**What you have to do**
Reproduce the full listing below exactly. Do not include the pictures.
┌─ Input data
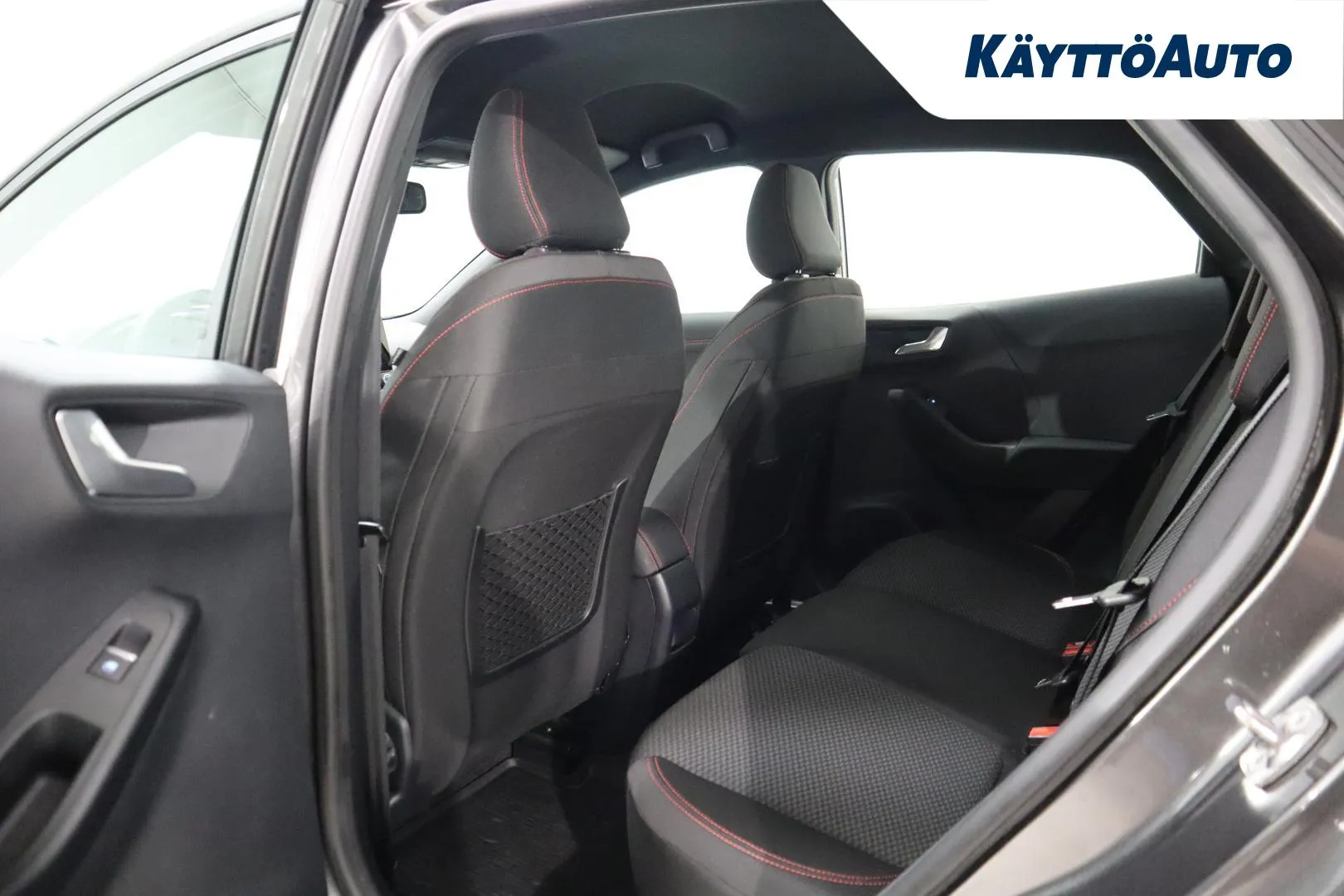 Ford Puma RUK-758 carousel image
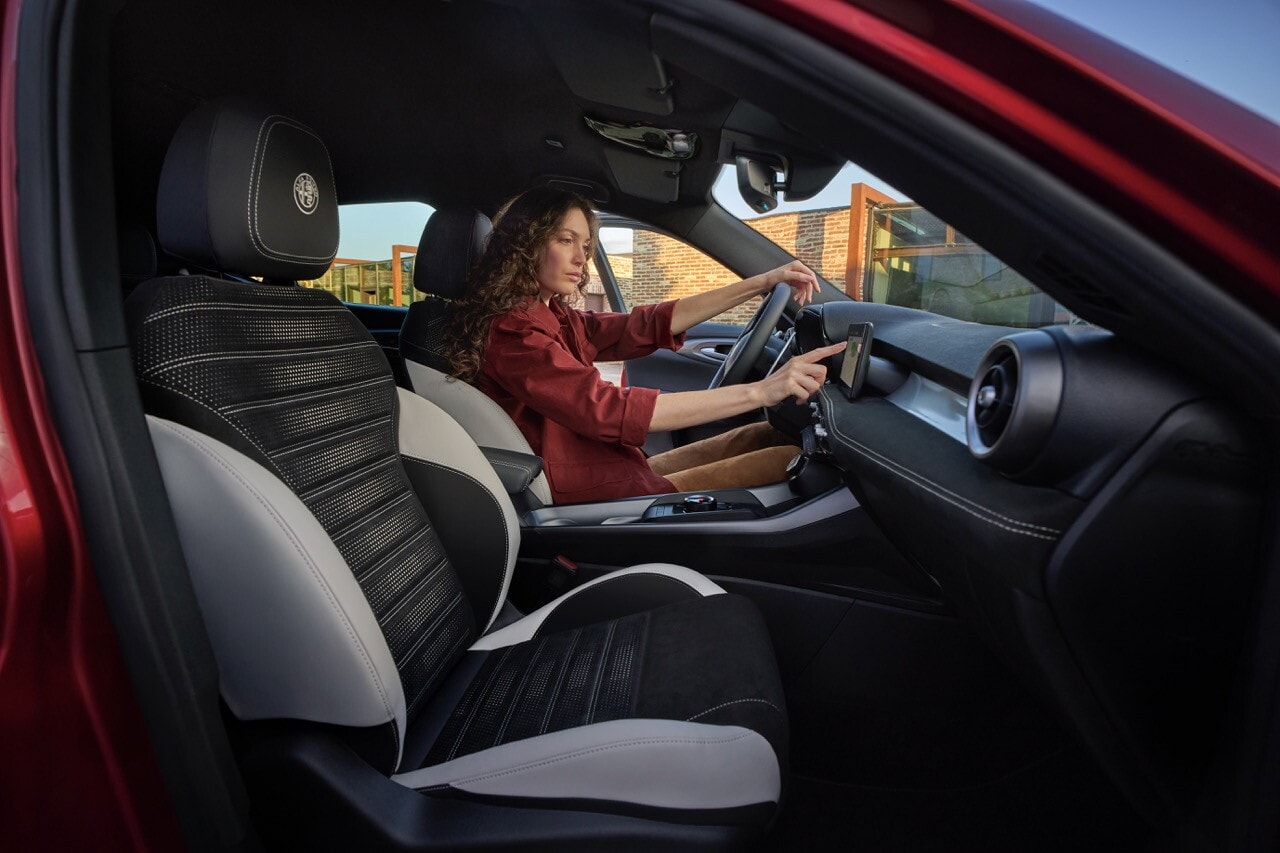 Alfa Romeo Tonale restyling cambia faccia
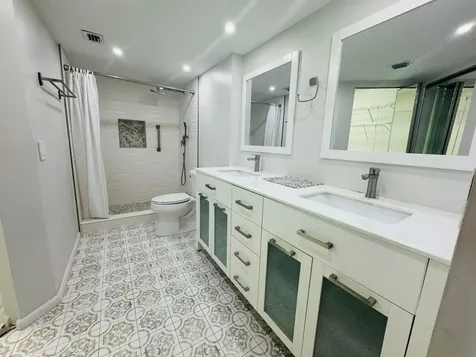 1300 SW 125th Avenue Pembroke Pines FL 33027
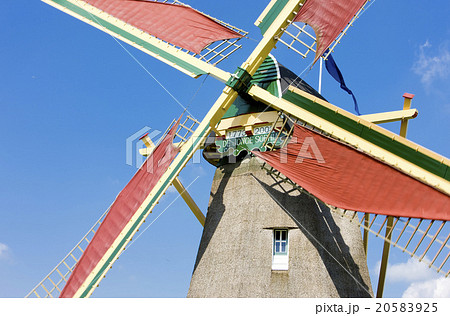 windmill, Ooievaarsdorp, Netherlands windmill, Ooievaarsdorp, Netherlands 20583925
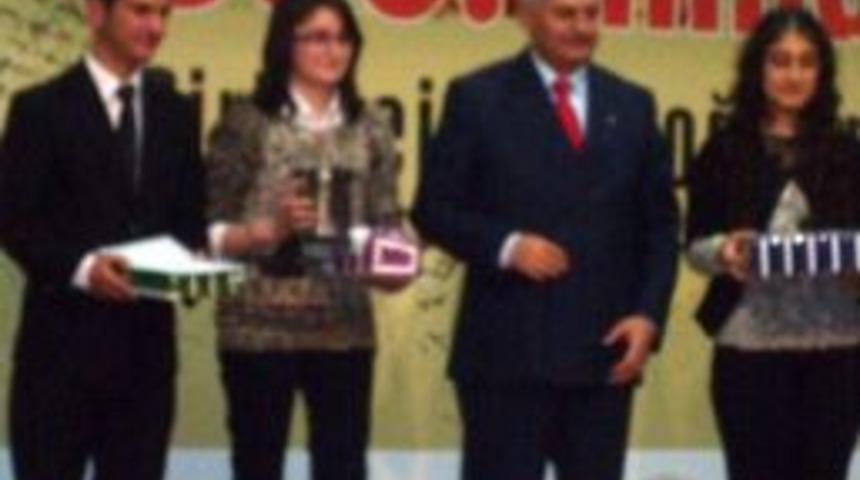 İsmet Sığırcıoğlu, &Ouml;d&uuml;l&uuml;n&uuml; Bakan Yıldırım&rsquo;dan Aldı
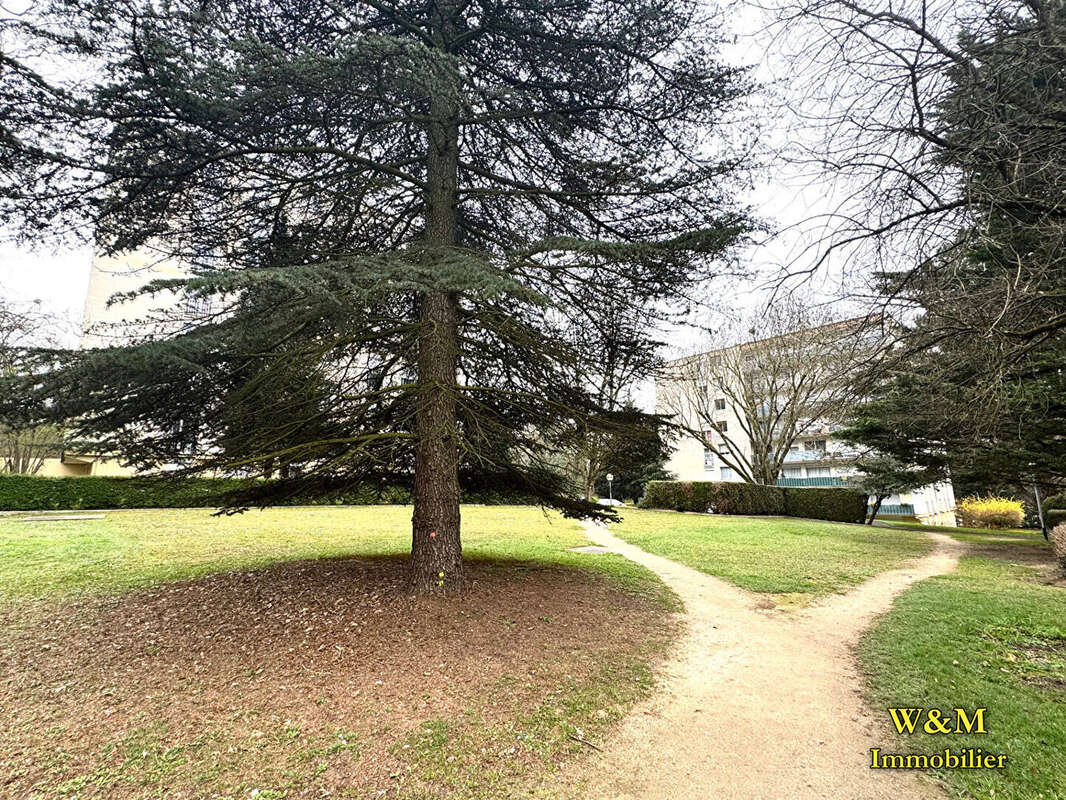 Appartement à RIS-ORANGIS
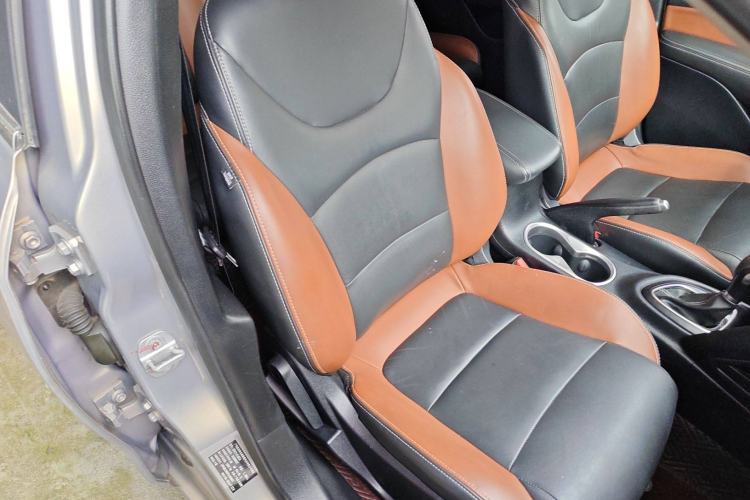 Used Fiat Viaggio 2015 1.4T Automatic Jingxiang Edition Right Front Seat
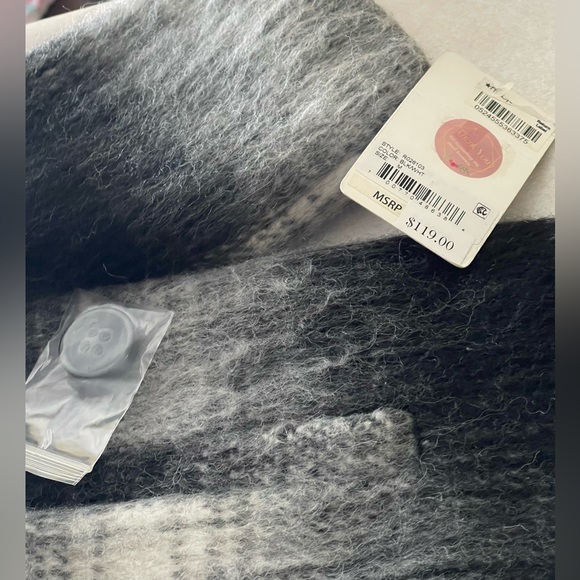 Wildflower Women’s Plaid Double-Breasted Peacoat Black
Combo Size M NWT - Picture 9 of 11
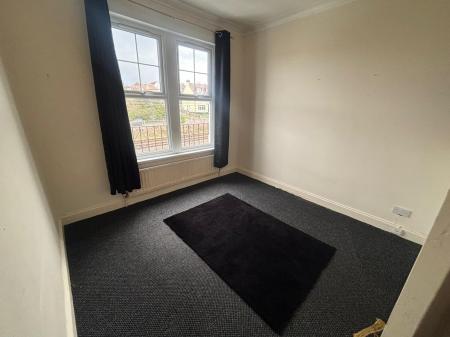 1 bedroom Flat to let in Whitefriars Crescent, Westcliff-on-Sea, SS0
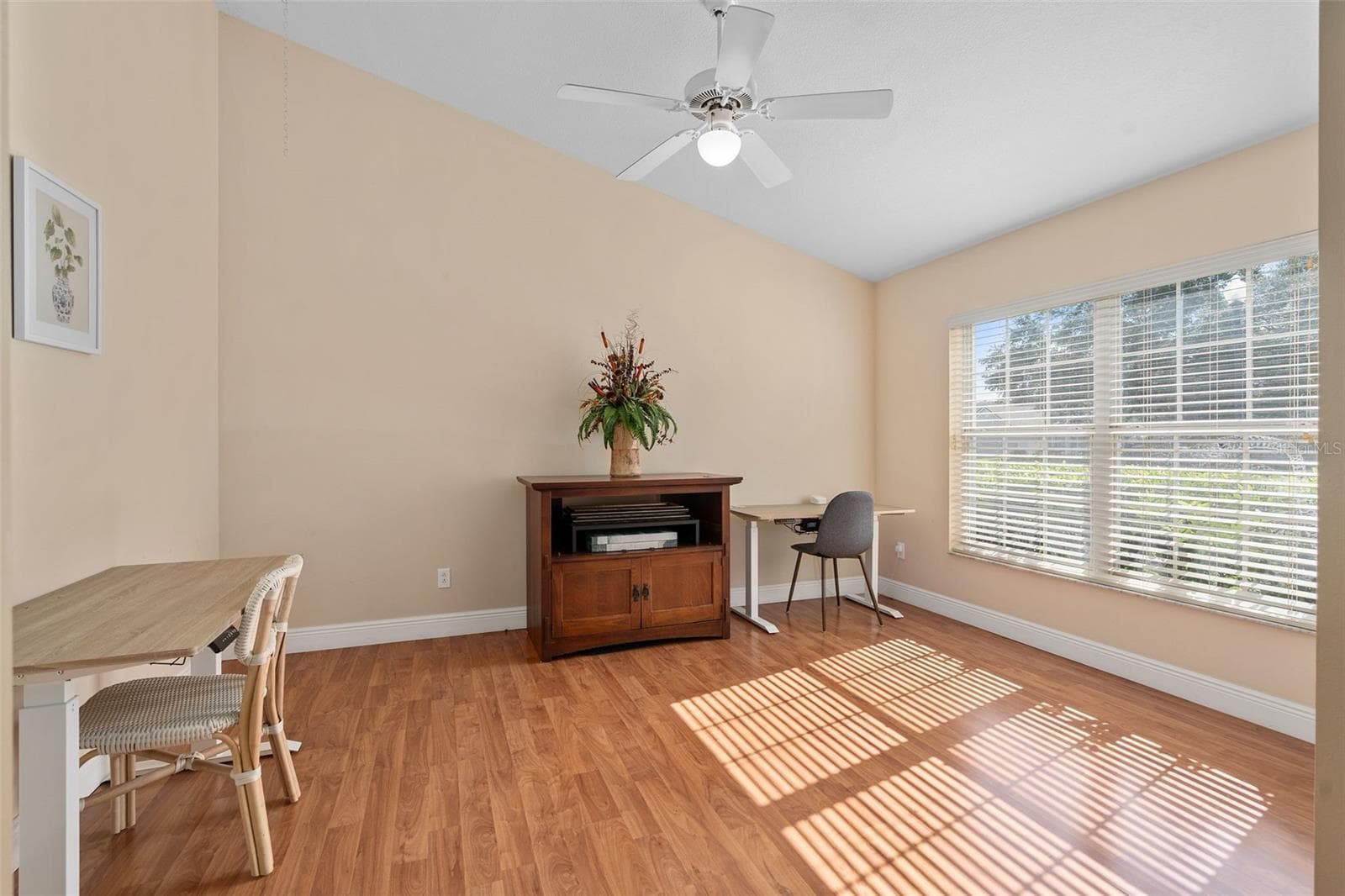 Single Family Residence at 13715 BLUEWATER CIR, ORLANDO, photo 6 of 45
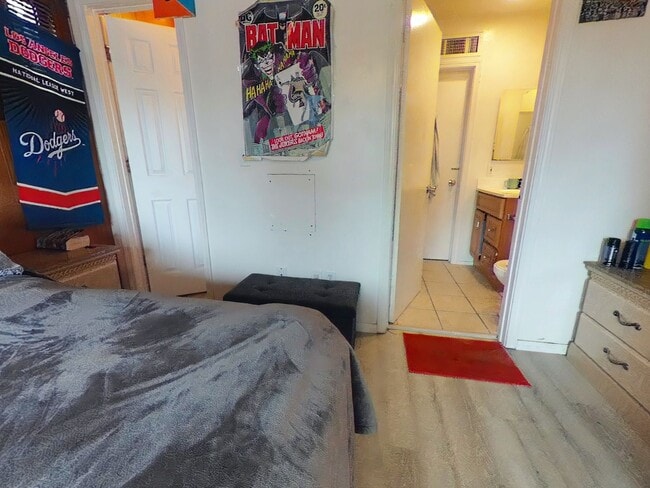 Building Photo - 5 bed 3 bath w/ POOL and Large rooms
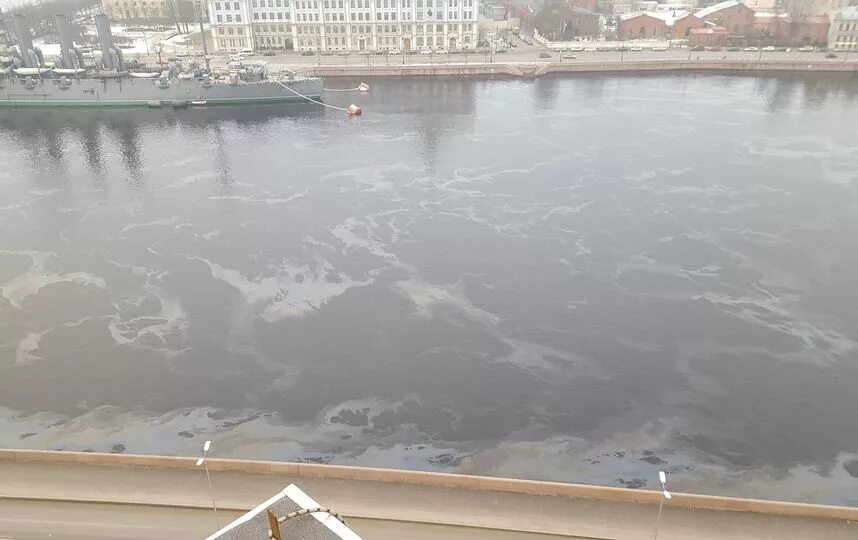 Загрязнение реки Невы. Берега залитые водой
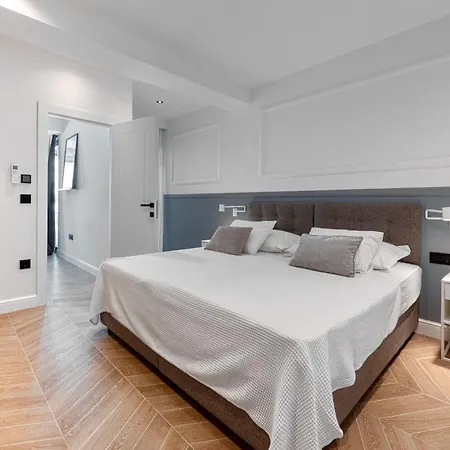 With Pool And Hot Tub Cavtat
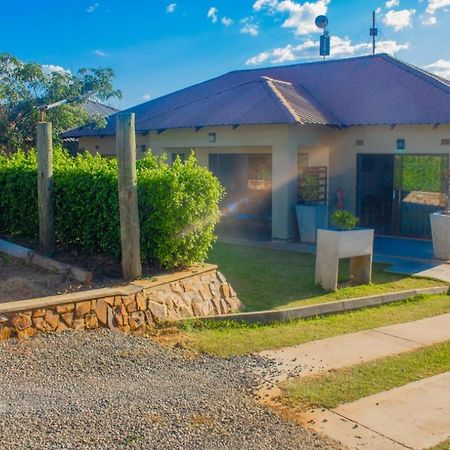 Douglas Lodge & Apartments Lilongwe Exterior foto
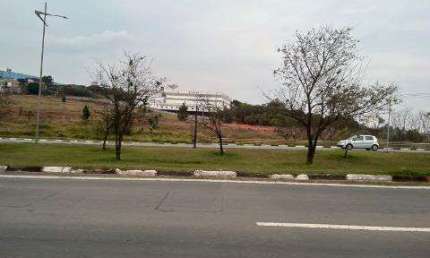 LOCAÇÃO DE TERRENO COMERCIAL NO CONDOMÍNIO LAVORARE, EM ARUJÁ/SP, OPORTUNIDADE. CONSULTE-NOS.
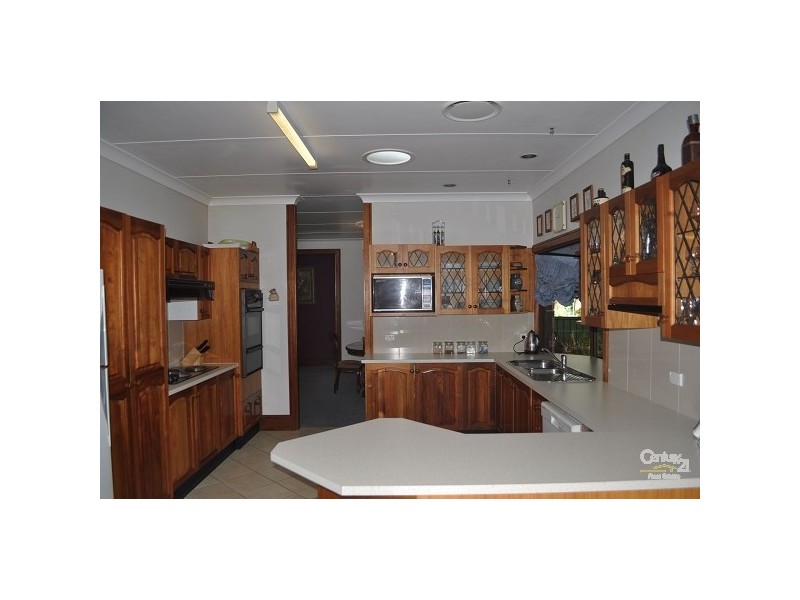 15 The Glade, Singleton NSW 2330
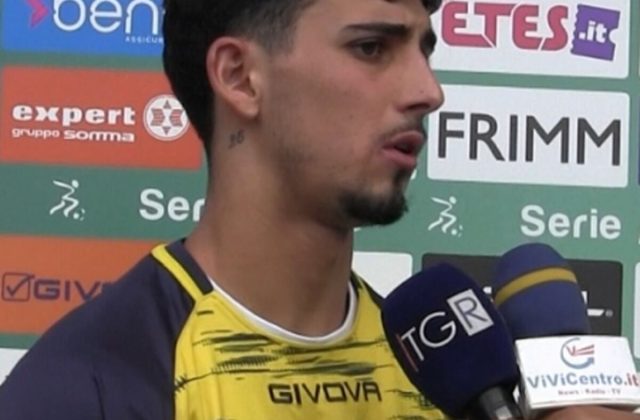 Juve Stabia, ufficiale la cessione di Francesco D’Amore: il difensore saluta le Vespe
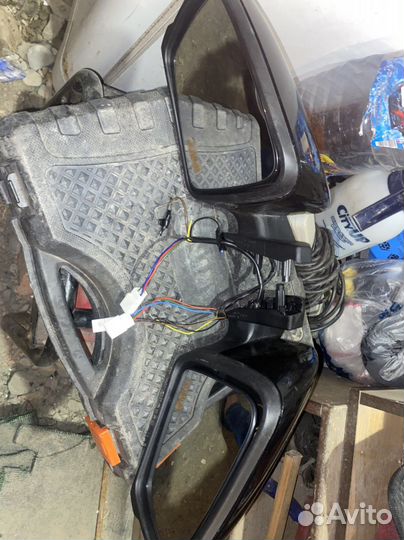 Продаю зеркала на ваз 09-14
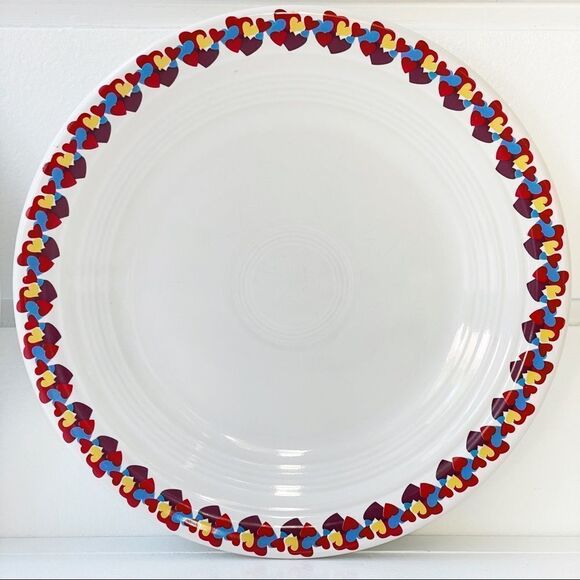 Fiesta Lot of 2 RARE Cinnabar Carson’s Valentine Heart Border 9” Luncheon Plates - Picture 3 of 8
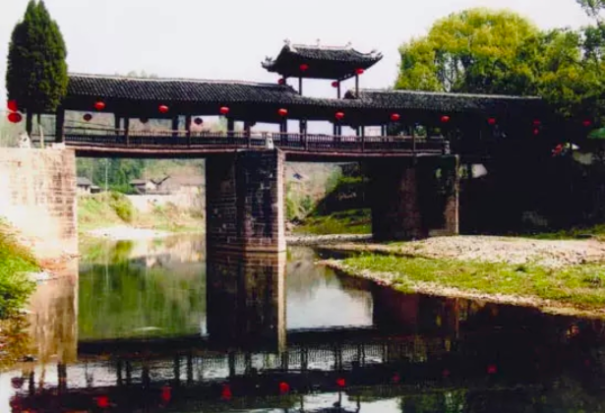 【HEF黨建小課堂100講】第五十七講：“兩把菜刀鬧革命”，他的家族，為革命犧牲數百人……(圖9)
└─
**Expected answer**
 Ford Puma RUK-758 carousel image
 Alfa Romeo Tonale restyling cambia faccia
 1300 SW 125th Avenue Pembroke Pines FL 33027
 windmill, Ooievaarsdorp, Netherlands windmill, Ooievaarsdorp, Netherlands 20583925
 İsmet Sığırcıoğlu, &Ouml;d&uuml;l&uuml;n&uuml; Bakan Yıldırım&rsquo;dan Aldı
 Appartement à RIS-ORANGIS
 Used Fiat Viaggio 2015 1.4T Automatic Jingxiang Edition Right Front Seat
 Wildflower Women’s Plaid Double-Breasted Peacoat Black
Combo Size M NWT - Picture 9 of 11
 1 bedroom Flat to let in Whitefriars Crescent, Westcliff-on-Sea, SS0
 Single Family Residence at 13715 BLUEWATER CIR, ORLANDO, photo 6 of 45
 Building Photo - 5 bed 3 bath w/ POOL and Large rooms
 Загрязнение реки Невы. Берега залитые водой
 With Pool And Hot Tub Cavtat
 Douglas Lodge & Apartments Lilongwe Exterior foto
 LOCAÇÃO DE TERRENO COMERCIAL NO CONDOMÍNIO LAVORARE, EM ARUJÁ/SP, OPORTUNIDADE. CONSULTE-NOS.
 15 The Glade, Singleton NSW 2330
 Juve Stabia, ufficiale la cessione di Francesco D’Amore: il difensore saluta le Vespe
 Продаю зеркала на ваз 09-14
 Fiesta Lot of 2 RARE Cinnabar Carson’s Valentine Heart Border 9” Luncheon Plates - Picture 3 of 8
 【HEF黨建小課堂100講】第五十七講：“兩把菜刀鬧革命”，他的家族，為革命犧牲數百人……(圖9)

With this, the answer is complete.